My source of deepest confusion lies in the average fan’s mythical view of Jordan. I understand what he did and all of the folklore accompanying it. Where I’m lost is how the sentiment crept in that Lebron would have to win 12 rings to surpass Jordan. Really. That’s how people talk about Jordan. If Lebron retires with six rings no one will give him the benefit of the doubt. Why? That same status isn’t given to Babe Ruth or any football player. Granted, these are two sports in which there is no unanimous greatest player in the minds of many. Everyone acknowledges that players of years past and present play in remarkably different eras that can’t be compared. So why is that view not shared in basketball? Retired NBA players of Jordan’s generation say that Jordan played when defenders could get away with far more physicality. The argument then goes that Jordan would score far more in today’s game. Maybe so. My issue is more with the unfairness placed on today’s players. That’s not Lebron’s fault and he doesn’t deserve to be scorned for rule changes that occurred before he ever stepped foot on an NBA court. What happens when we bicker over meaningless semantics is that we take away from enjoying a player’s greatness while they’re playing. You’ll have all the time in the world to make the Jordan-Lebron comparison after he’s taken his last shot. They’re not going anywhere.

At the ripe age of 31, Lebron has won three finals MVP’s along with four regular-season MVP’s and been selected to twelve All-Star teams. King James now trails only Jordan in finals MVP’s, and is on the same trajectory as his childhood idol. At 31, both players had three rings and three finals MVP’s. James took over the series, nearly averaging a triple-double during Cleveland’s three comeback wins. In bringing a championship to Cleveland for the first time since 1954, Lebron finally did what people had been asking him to do for so long: win with a team that had no business being in the finals. With Kevin Love and Kyrie Irving at full strength that is open to interpretation but last year there was no question; Lebron nearly won an NBA title by himself. Lebron has done more with less, winning the Rookie of the Year on a terrible Cavs team but pulling them above .500 in his second season. In 2007 Lebron led the Cavs to his first NBA finals before getting swept by the Spurs. That team’s second-leading scorer was none other than Larry Hughes. Jordan had one of the greatest rebounders in NBA history with Dennis Rodman and was a part of one of the greatest teams in NBA history. When you tell that to a Jordan-lover they counter with “That’s because of him, because he was on it”. But not matter how good you are a team consists of five players on a court at once, one great player is never enough. Ironically enough, it’s Lebron who taught us that.

Want to talk about greatness? Four years into his career Lebron was already the Cavs all-time leading scorer. It’s entirely plausible that’s just because Cleveland is terrible at sports, but remarkable nonetheless. James ranks eleventh in points all-time with 26,833 and it stands to reason he will pass Jordan who sits in fourth. The caveat is that Lebron got to 20,000 points at a younger age than anyone preceding him, Jordan included.
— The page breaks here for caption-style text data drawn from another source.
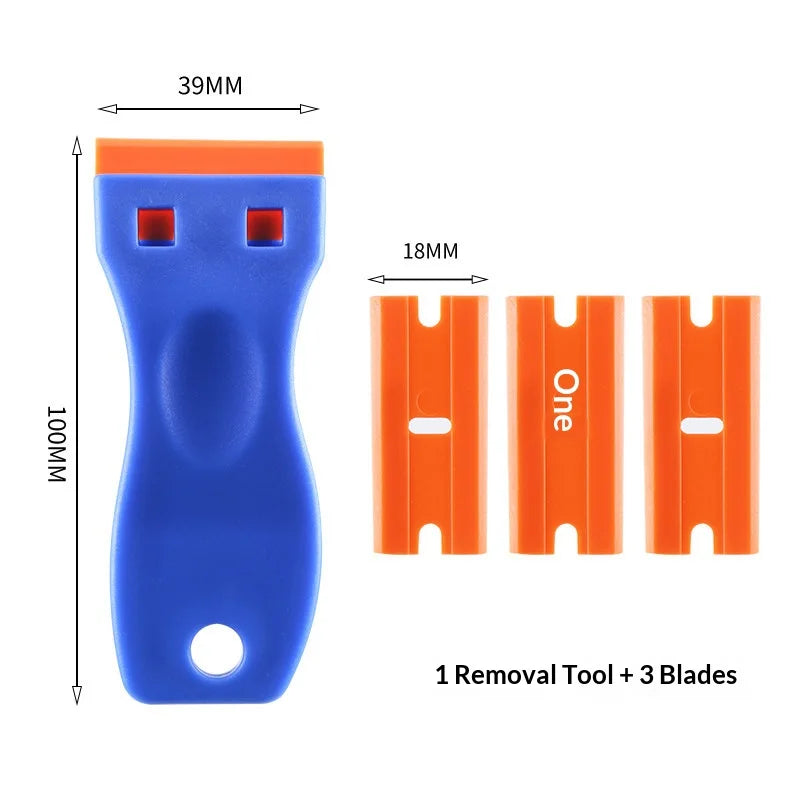 Plastic Razor Scraper – Non-Scratch Sticker & Glue Remover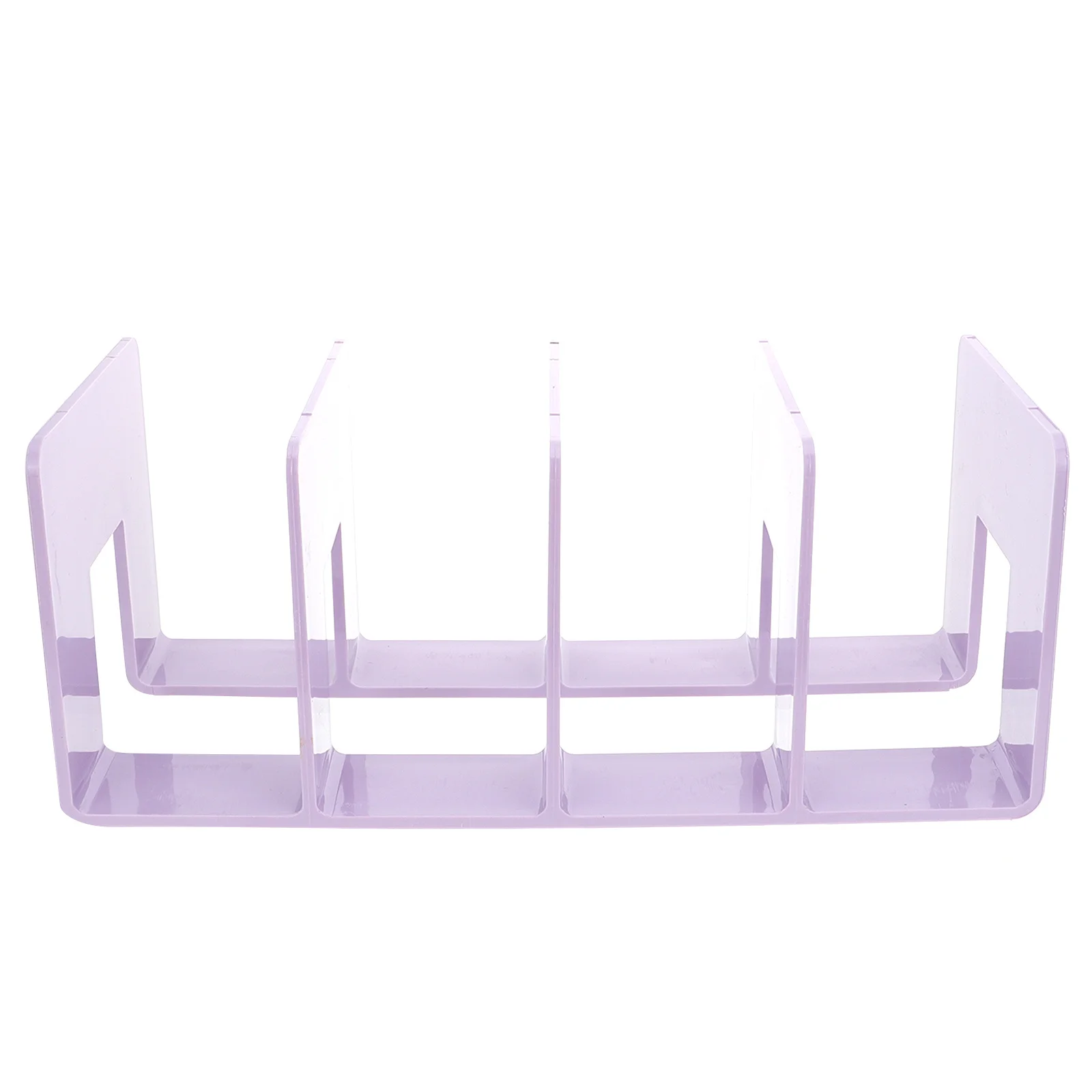 Bookends Rak Organizer Meja Rak Organizer Tempat Bening Braket Dudukan Baca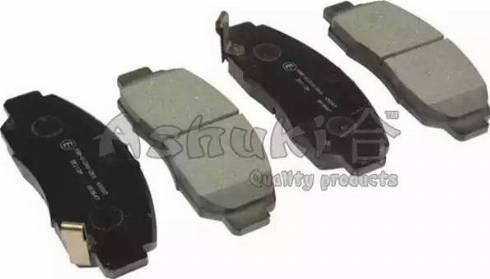 Ashuki 1080-3450 - Комплект феродо за накладки, дискова ръчна спирачка vvparts.bg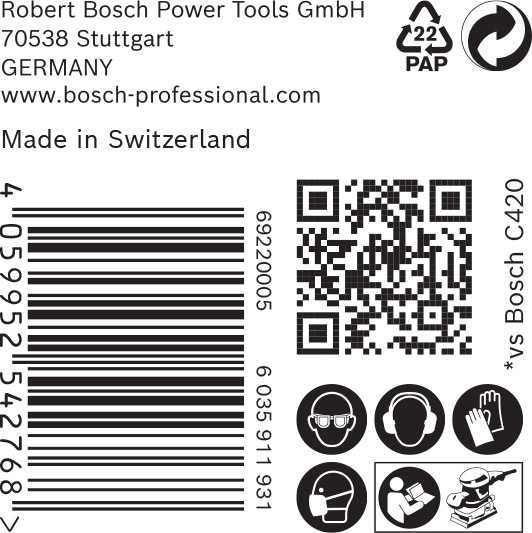 BOSCH EXPERT C470 Schleifblatt, 93x186mm, K100, 8 Löcher, 50-tlg.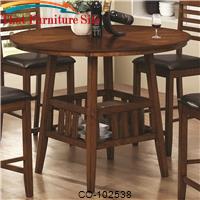 Knoxville Counter Height Table by Coaster Furniture 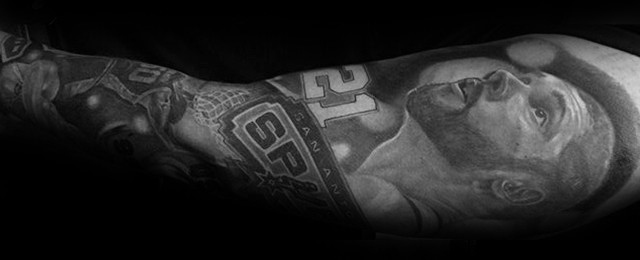 San Antonio Spurs Tattoos For Men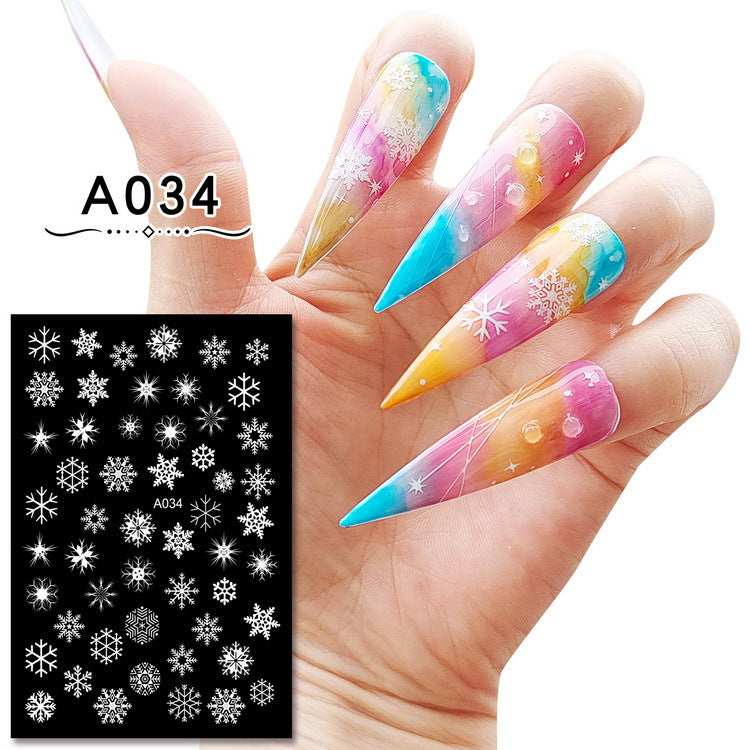 Christmas Nail Sticker With Adhesive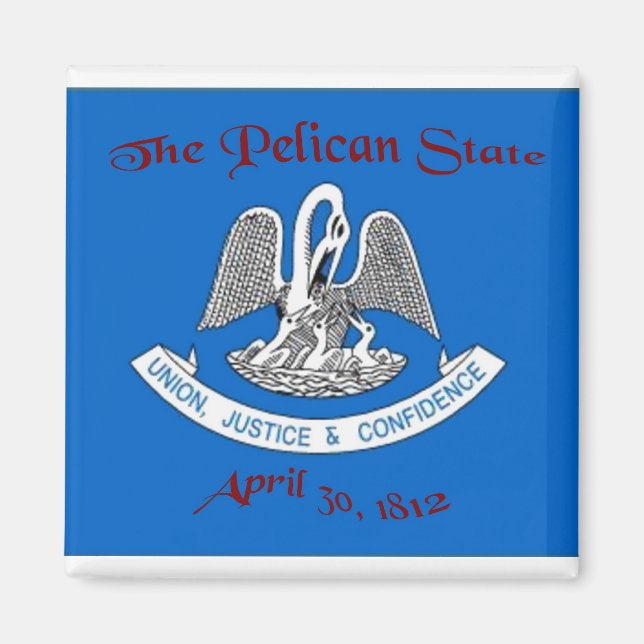 Imán de la bandera de Luisiana (Frente)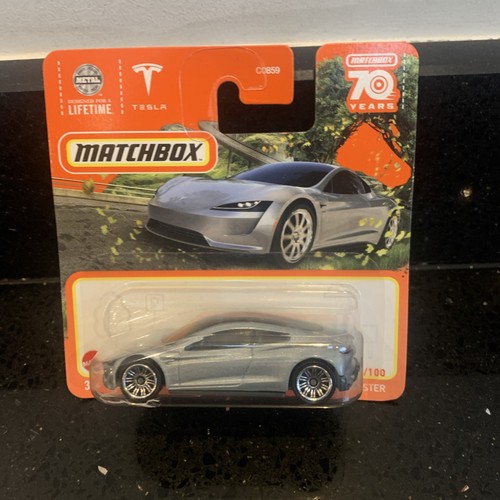 Matchbox tesla roadster grey - matchbox,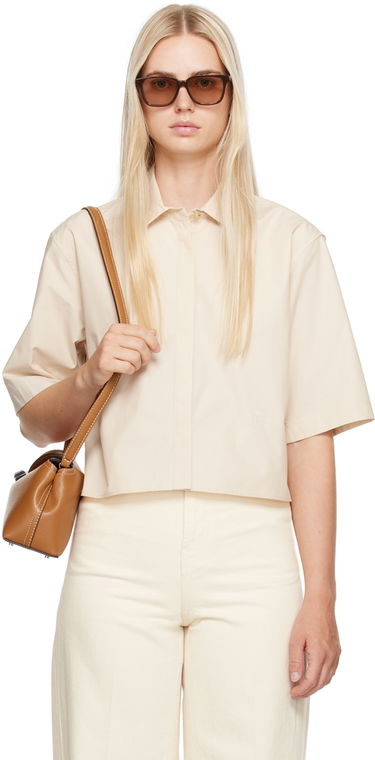 Košeľa TOTEME Cropped Shirt Hnedá | 243-WRT0337-FB0217, 0
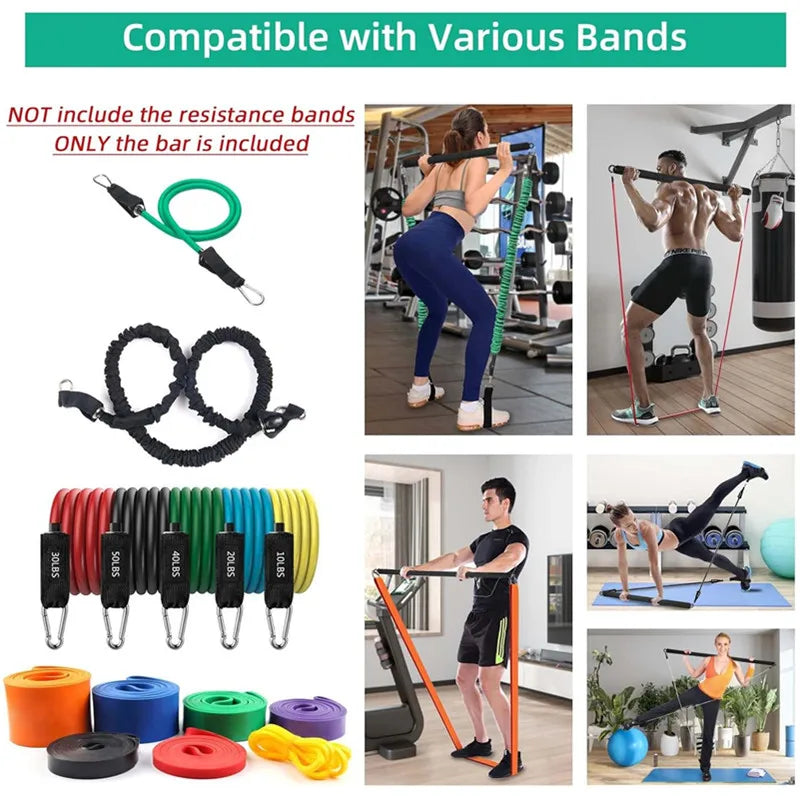 Multi-Functional Portable Weighted Exercise Pilates Bar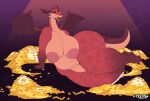  anthro big_breasts breasts dragon dragon_(shrek) dreamworks female hi_res shrek_(series) solo thewilldpink wide_hips 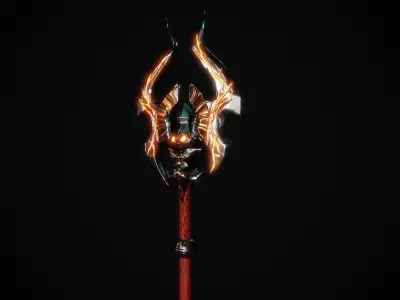 3D Stylized Axe V2 GameReady Free low-poly 3D model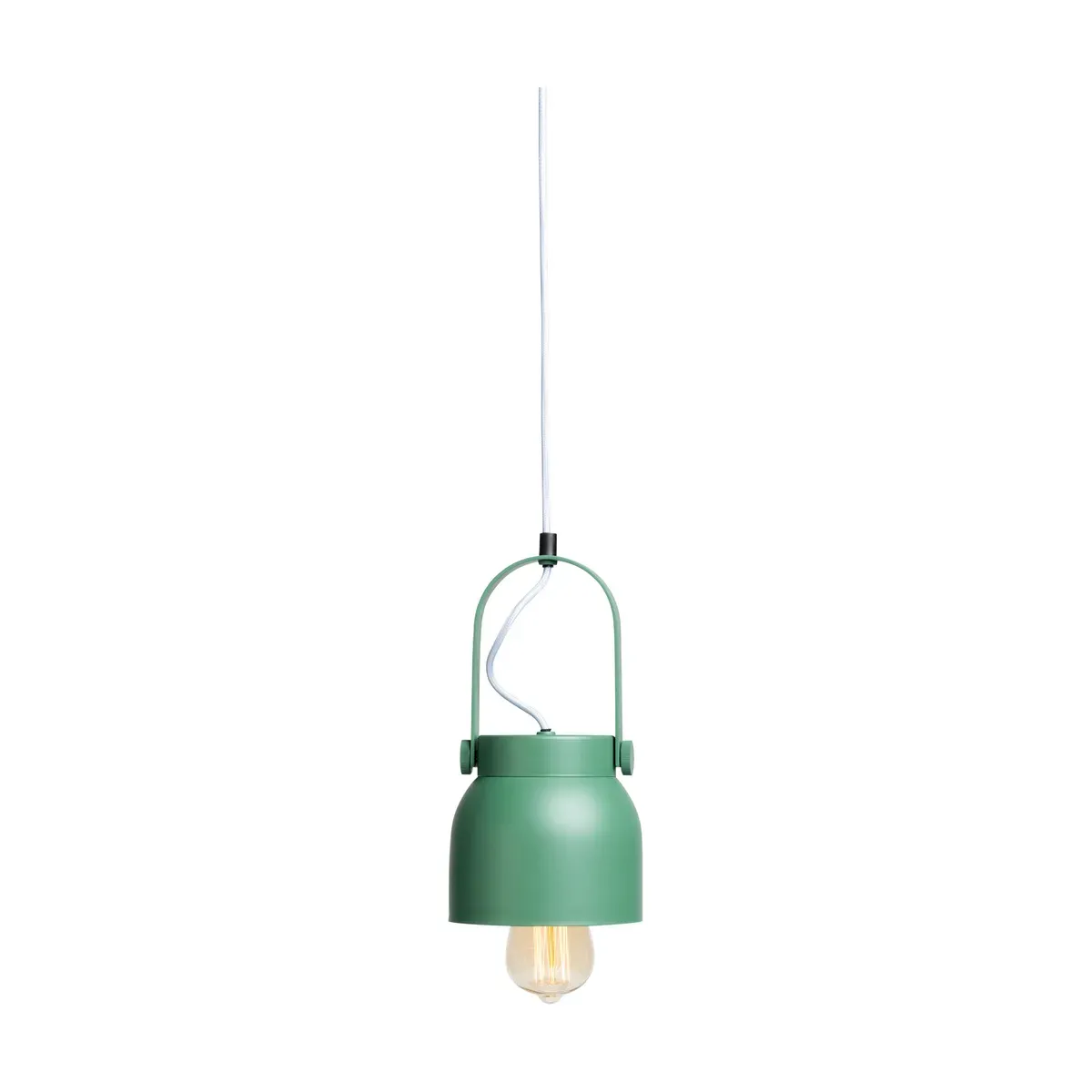 Suspension en acier vert 20cm - Custom Form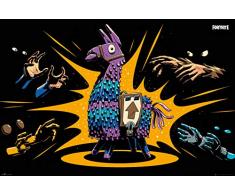 GB eye Fortnite Loot Lama Poster, Multicolore, 91 x 61 cm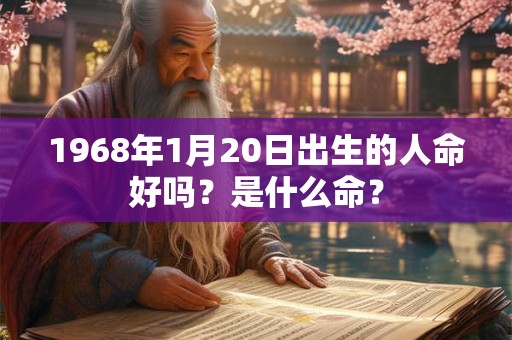 1968年1月20日出生的人命好吗？是什么命？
Lebron has just missed the 2,000 point mark his last two seasons but virtually every season he’s garnered over 2,000 points. By that estimate, with six more seasons of similar productivity he’ll be right at Kareem Abdul-Jabbar’s all-time scoring record of 38,387. All at age 37. Not to exclude any categories, Lebron is also 24th in steals and 18th in assists, and with all things being equal he will find himself firmly entrenched in the top 10 in the latter around the same time.

A few more rings, the all-time scoring leader, and maybe a few more MVP’s? He’ll surely have my vote. And perhaps one billion dollars.